╭──

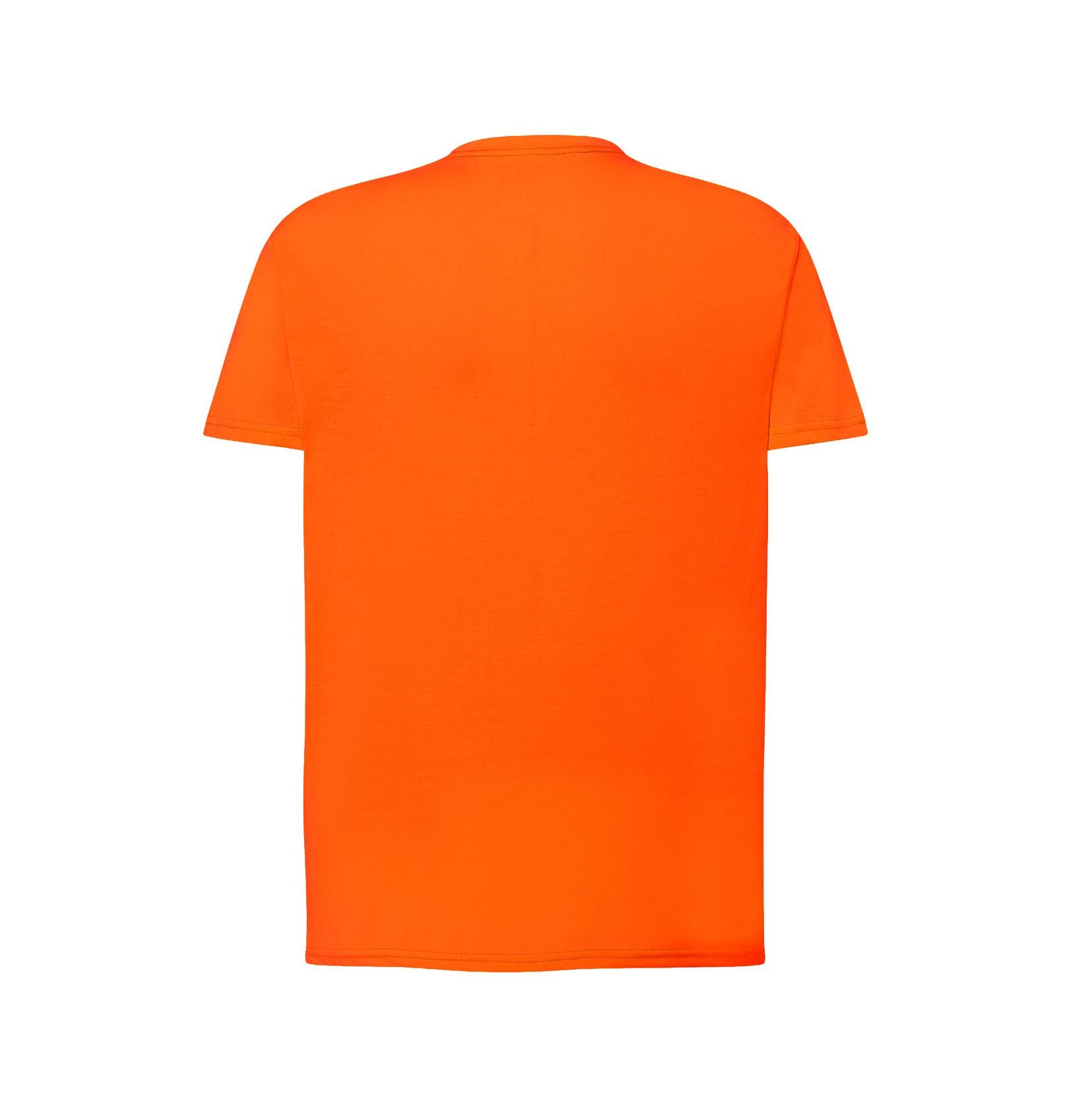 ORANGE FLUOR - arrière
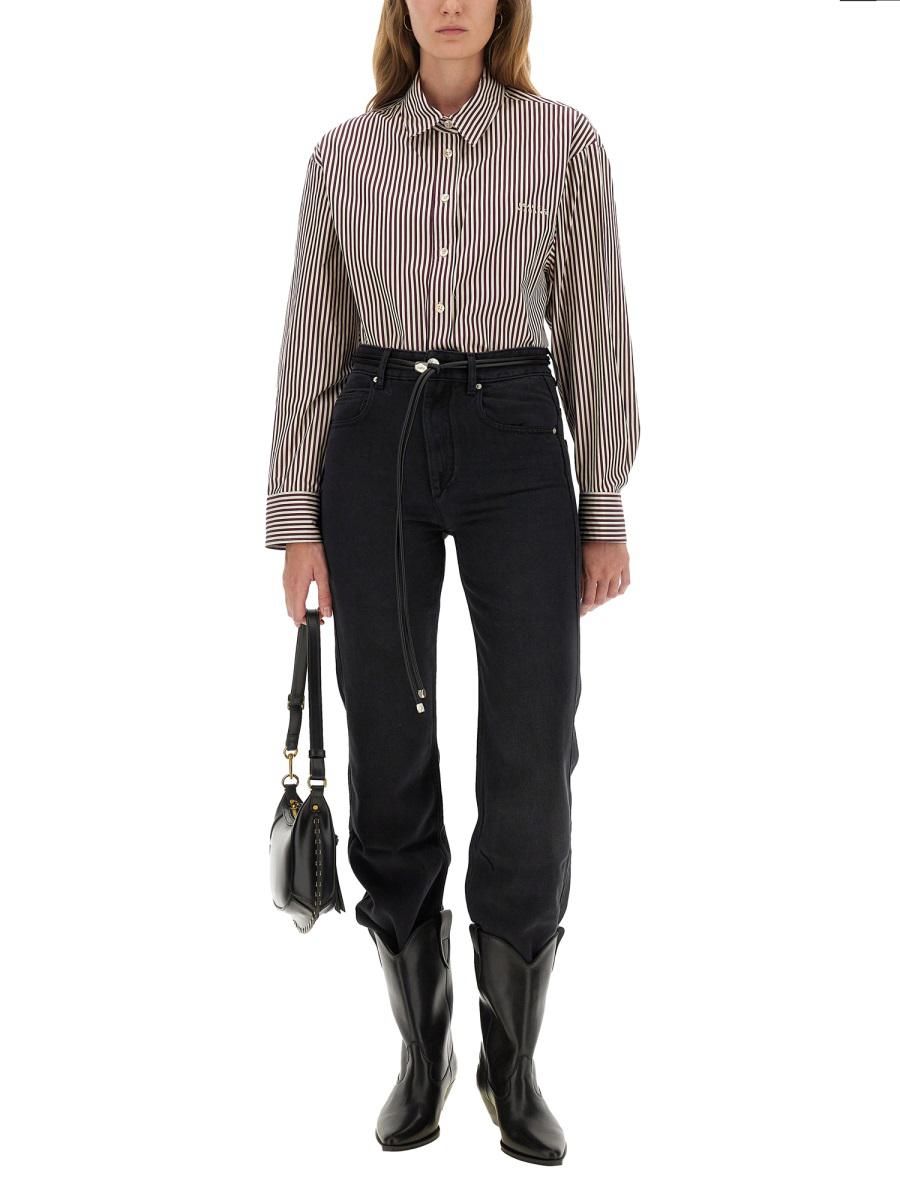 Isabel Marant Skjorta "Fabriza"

╰──
╭──

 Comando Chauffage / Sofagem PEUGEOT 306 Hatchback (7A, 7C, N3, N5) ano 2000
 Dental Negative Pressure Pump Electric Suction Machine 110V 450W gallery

╰──
╭──

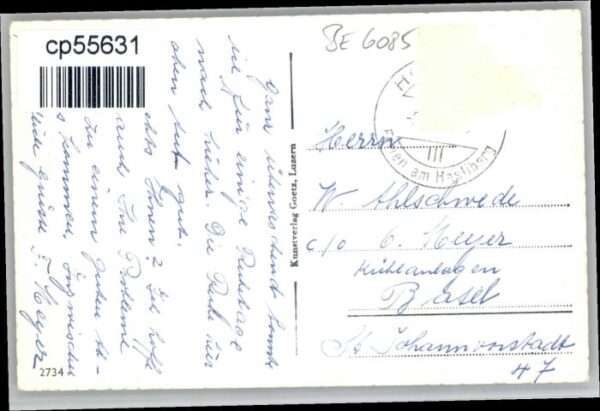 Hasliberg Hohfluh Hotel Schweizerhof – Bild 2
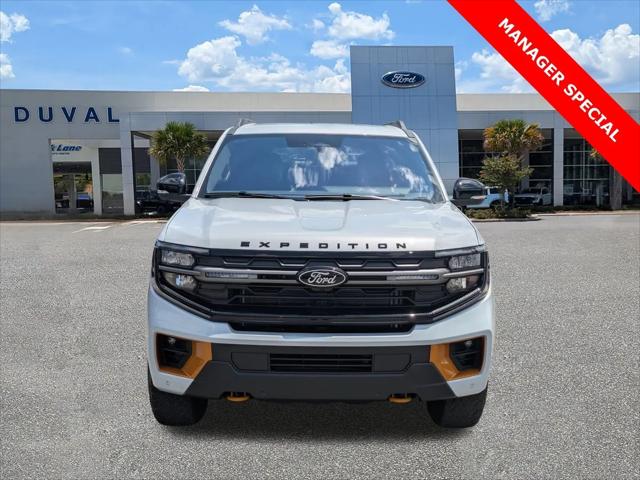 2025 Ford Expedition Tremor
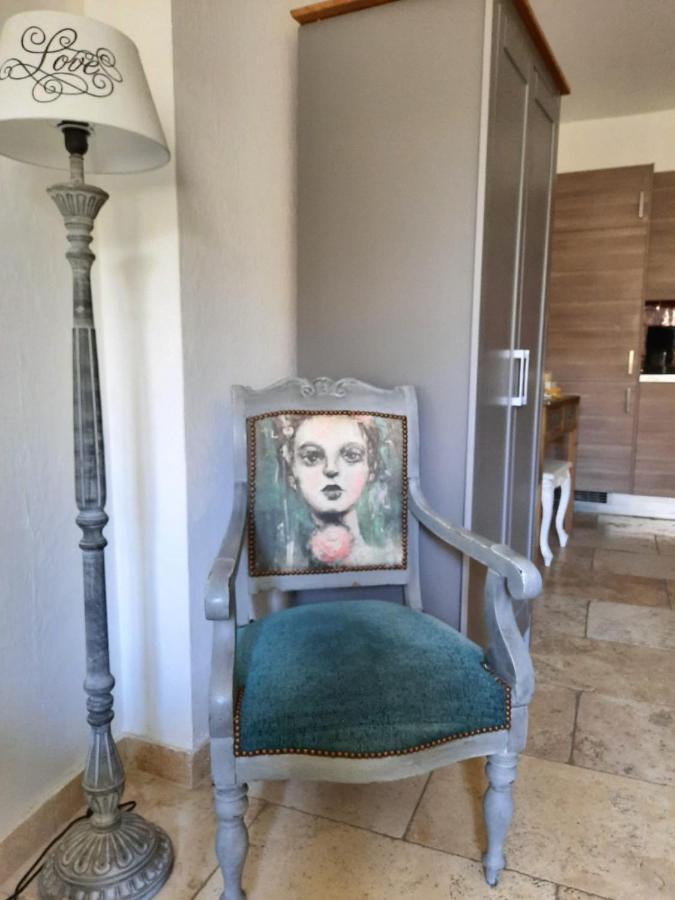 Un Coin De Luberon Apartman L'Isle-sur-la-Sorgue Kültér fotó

╰──

Your instructions: The copy should hold only the lines from the one with "ORANGE FLUOR - arrière" through the one with "Isabel Marant Skjorta", exactly as they stand above. Leave out the pictures.

Response for this exercise:
 ORANGE FLUOR - arrière
 Isabel Marant Skjorta "Fabriza"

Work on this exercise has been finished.